I was chopping up a tomato for my noontime salad the other day when one of my work colleagues said, "Is that from your garden?" and I stopped in mid-chop, suddenly awash in all of those things that I always feel when people ask me about anything domestic: Shame. Guilt. Inadequacy. Failure.

"No," I said. "It's from Target." (What a loser! It's not even from the Farmer's Market! It's from Target!)

I do sometimes grow tomatoes in my yard, but this spring was so cold and wet that I never got around to it. I did plant some cherry tomatoes in a pot, next to a pot of basil, hopeful that a margherita pizza would magically materialize; it produced a few little tomatoes, but not many--perhaps one a day for a couple of weeks before the whole thing turned yellow from neglect.

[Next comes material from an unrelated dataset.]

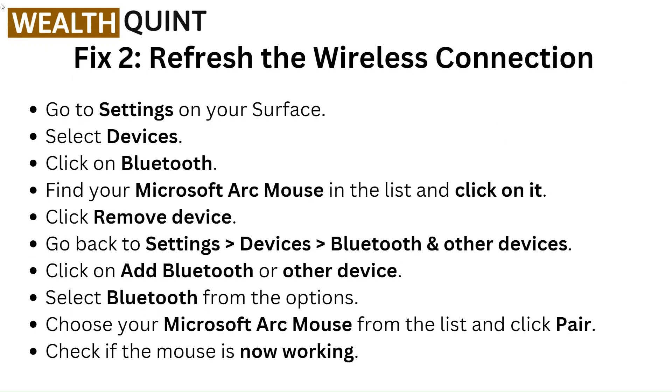Fix 2: Refresh the wireless connection. Go to Settings on your Surface, select Devices, click on Bluetooth, find your Microsoft Arc Mouse in the list and click on it. Click Remove Device. Go back to Settings, Devices, Bluetooth and other devices. Click on Add Bluetooth or other device. Select Bluetooth from the options. Choose your Microsoft Arc Mouse from the list and click Pair. Check if the mouse is now working.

The basil we used a few leaves at a time (yes, on margherita pizzas) and then last weekend I rashly harvested the rest of it and made pesto.

That is, I googled "pesto recipes," picked the one that looked the least complicated, dug a dusty old half-bag of walnuts from the back of the cupboard where it had been for, um, a long time, and then went out and cut back the pesto plant. I mean, the basil plant.


Isn't it pretty?  I dumped the leaves into the food processor, along with the ancient walnuts.


Then I went back on Google to look up the instructions for the Cuisinart because I had totally forgotten how to use it. (Seriously, getting the pieces to lock into place is not easy.)


And then I made the pesto, added perhaps too much olive oil, tasted it, and then stuck it in the freezer, where it will probably stay for a long time until it is covered in ice crystals and we no longer know what it is and we pitch the whole thing out.

I want to have a big garden! I want to harvest things from the dirt, and can them in my steamy kitchen, and look at the rows of blue-glass jars glowing like jewels with their bounty of red and yellow peppers, and luscious tomatoes, and whatever the hell else people put in jars.


I want to stitch my own quilts, too, and have that magical woman's touch that I read about somewhere, possibly in "Little Women," where just moving a few items around in just the right way suddenly makes a damn house a fricking home.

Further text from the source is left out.